This story was published earlier this month but I didn’t see it until yesterday when the Daily Caller tweeted about it. Vox published the results of a “rigorous academic” study looking at the impact of Black Lives Matter protests on the use of force by police. The results haven’t been peer reviewed yet so take them with a grain of salt. But the research suggests the protests wind up doing more harm than good in the neighborhoods where they happen.
From 2014 to 2019, Campbell tracked more than 1,600 BLM protests across the country, largely in bigger cities, with nearly 350,000 protesters. His main finding is a 15 to 20 percent reduction in lethal use of force by police officers — roughly 300 fewer police homicides — in census places that saw BLM protests.
Campbell’s research also indicates that these protests correlate with a 10 percent increase in murders in the areas that saw BLM protests. That means from 2014 to 2019, there were somewhere between 1,000 and 6,000 more homicides than would have been expected if places with protests were on the same trend as places that did not have protests. Campbell’s research does not include the effects of last summer’s historic wave of protests because researchers do not yet have all the relevant data…
Omar Wasow, a professor at Princeton University who has done seminal research on the effect of protests, told Vox that the results are “entirely plausible” and “not surprising,” considering existing protest research.
Somewhere between 1,000 and 6,000 homicides is quite a large range. If you split the difference at 3,000, then the protests effectively cost 10 times as many lives as they save.
Most of the rest of the Vox piece looks at the possible mechanisms to explain both of these findings. So, for instance, there are three possible reasons offered that might explain the drop in police homicides.
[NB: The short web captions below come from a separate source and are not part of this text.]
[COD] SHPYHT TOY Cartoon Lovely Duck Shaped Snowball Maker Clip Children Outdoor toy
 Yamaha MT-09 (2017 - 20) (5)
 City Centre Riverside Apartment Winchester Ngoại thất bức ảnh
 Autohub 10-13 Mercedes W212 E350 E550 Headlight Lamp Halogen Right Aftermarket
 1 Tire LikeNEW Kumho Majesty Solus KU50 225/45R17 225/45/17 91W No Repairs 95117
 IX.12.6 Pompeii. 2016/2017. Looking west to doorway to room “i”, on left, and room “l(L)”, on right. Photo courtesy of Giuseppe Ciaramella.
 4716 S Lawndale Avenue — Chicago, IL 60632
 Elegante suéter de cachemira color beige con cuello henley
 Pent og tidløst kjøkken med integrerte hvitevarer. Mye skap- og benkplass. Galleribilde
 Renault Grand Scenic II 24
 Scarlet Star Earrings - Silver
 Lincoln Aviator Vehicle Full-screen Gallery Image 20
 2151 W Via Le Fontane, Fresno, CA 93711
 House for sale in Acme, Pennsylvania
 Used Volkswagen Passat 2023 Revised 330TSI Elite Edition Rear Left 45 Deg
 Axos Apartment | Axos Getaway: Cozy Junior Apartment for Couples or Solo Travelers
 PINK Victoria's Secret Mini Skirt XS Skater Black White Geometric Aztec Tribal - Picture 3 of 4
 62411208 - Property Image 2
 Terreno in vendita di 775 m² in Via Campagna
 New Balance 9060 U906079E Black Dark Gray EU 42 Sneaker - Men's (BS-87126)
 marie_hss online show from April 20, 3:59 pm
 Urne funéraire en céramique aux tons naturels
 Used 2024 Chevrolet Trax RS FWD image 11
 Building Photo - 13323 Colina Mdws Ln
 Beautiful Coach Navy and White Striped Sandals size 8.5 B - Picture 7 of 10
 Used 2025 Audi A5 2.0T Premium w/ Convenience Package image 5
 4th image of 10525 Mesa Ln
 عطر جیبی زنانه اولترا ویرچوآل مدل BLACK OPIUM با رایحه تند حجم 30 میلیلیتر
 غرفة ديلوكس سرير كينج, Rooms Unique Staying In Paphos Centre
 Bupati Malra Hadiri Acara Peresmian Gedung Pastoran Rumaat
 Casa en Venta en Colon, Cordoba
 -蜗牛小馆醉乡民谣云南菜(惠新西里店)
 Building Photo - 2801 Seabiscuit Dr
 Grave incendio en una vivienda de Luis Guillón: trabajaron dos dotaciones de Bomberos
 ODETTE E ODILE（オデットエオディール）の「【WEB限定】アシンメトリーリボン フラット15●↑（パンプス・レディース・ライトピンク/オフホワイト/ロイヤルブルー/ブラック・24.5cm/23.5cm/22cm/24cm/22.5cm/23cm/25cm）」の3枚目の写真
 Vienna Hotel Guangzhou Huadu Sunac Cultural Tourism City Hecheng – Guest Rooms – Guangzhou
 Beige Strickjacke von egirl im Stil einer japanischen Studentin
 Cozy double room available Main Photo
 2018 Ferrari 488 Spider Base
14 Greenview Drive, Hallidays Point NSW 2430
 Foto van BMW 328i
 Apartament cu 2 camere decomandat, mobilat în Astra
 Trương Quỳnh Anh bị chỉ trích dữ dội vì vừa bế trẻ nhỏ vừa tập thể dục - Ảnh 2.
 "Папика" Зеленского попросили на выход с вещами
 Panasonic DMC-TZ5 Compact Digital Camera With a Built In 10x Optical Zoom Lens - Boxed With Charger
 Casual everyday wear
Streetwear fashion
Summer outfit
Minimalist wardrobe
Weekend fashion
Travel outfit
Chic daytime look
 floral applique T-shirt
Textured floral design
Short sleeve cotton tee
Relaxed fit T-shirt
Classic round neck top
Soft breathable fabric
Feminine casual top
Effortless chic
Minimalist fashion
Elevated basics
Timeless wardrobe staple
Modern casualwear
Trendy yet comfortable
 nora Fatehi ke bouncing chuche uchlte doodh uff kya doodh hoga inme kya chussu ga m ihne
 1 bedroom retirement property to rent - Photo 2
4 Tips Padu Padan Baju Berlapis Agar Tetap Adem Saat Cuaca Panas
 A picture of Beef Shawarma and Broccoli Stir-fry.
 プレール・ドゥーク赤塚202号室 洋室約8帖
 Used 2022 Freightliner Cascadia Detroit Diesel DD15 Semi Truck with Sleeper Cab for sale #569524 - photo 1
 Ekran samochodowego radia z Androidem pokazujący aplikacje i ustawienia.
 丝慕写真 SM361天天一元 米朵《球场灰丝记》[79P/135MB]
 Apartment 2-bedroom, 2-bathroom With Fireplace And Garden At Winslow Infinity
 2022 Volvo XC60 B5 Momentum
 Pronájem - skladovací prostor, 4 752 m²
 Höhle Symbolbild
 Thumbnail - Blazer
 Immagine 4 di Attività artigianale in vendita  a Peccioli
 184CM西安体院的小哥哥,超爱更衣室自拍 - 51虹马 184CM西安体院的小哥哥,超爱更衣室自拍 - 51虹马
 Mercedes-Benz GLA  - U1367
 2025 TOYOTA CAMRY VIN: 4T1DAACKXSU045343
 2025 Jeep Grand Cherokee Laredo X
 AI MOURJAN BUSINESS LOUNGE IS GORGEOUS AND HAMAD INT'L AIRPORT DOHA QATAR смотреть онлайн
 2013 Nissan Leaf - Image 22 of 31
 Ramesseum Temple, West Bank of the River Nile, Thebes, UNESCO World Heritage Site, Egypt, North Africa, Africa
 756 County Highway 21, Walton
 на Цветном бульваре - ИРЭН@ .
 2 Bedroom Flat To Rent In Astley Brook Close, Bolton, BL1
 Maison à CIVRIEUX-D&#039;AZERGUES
First, protests might spark reforms such as the use of body cams or community policing and that might in turn limit police shootings. But Vox notes there’s not a lot of evidence to support the claim that body cams change police behavior.
Another possibility is that civilians become more wary of police and may call them less as a result of protests. That seems like it would be relatively easy to test. Just look at the trend lines of 911 calls before and after protests. Vox does look at this later and notes that while some criminologists believe a drop in the reporting of lower level crimes does happen, some recent research found that “across a large number of cities, incidents, and analytic strategies well-publicized brutality incidents do not reduce 911 calls to report common property or violent crimes.” In other words, there’s some reason to think people aren’t pulling back from engagement with police.
The third possibility is the so-called Ferguson Effect, the idea that after significant protests police pull back and aren’t as aggressive when doing their jobs. And here Vox notes there is some research to support this:
Deepak Premkumar, a research fellow at the Public Policy Institute of California, found in recently released research that police do reduce their efforts following officer-involved fatalities: Theft arrests fall by 7 percent, and for “quality of life crimes” like disorderly conduct or marijuana possession, arrests decline by up to 23 percent (weed possession alone declines by up to 33 percent).
Fewer interactions with police means fewer busts that turn violent and fewer situations where guns are drawn and people are shot. And of course that could also potentially explain the increase in homicides in these same areas. Less aggressive policing may indeed mean fewer people shot by police, but it may also embolden criminals by reducing the risk they face for illegal behavior. And here, Campbell’s own research seems to support this. He found that the number of low level crimes cleared by police drops after major protests, exactly as if police aren’t trying as hard.
Vox wraps all of this up with a rather blithe conclusion noting that four years after protests the murder rates seem to return to normal. That may be so but it’s no help to the thousands of additional homicide victims or their families. Their lives obviously don’t go back to normal after four years.
It’s hard to see how anyone looking at this data could conclude that BLM protests are something any community should be happy about. If the outcome is a dramatic increase in violent crime for several years and a marginal decrease in police shootings, that doesn’t sound like a good bargain. In fact, it’s probably worse than the numbers suggest.
All of the additional homicides, again we can say 3,000 for the sake of argument, are murders that would not have happened if not for the protests. Those are people who would still be alive. The same can be said for the 300 people shot by police. But there’s an obvious difference. All of the 3,000 homicides that shouldn’t have happened were illegal and fundamentally unjust. Many are probably some kind of street justice with absolutely no public oversight (except for more street justice). On the contrary, the 300 police shootings will be investigated and will all face review and public scrutiny. So even apart from the body count, the police shootings represent a far better system if your goal is justice. In fact, even if the number of homicides was equal to the number of police shootings, the community would still be better off dealing with the police shootings.
Finally, there’s the media piece of this. Newspapers like the Washington Post have made a big deal about the claim that 93% of BLM marches are peaceful and downplaying that the remaining 7% have done substantial damage to cities and in terms of the number of injured police officers (around 2,000 last summer). But if research suggests BLM protests also result in disruptions that lead to thousands of additional murders how does that get reported? What if the marches are mostly peaceful but the result is streets that are anything but peaceful. Can BLM be criticized for this? My guess is the progressives who run the media won’t allow that even though they wouldn’t hesitate to do so if this were, say, findings about the outcomes of Tea Party protests.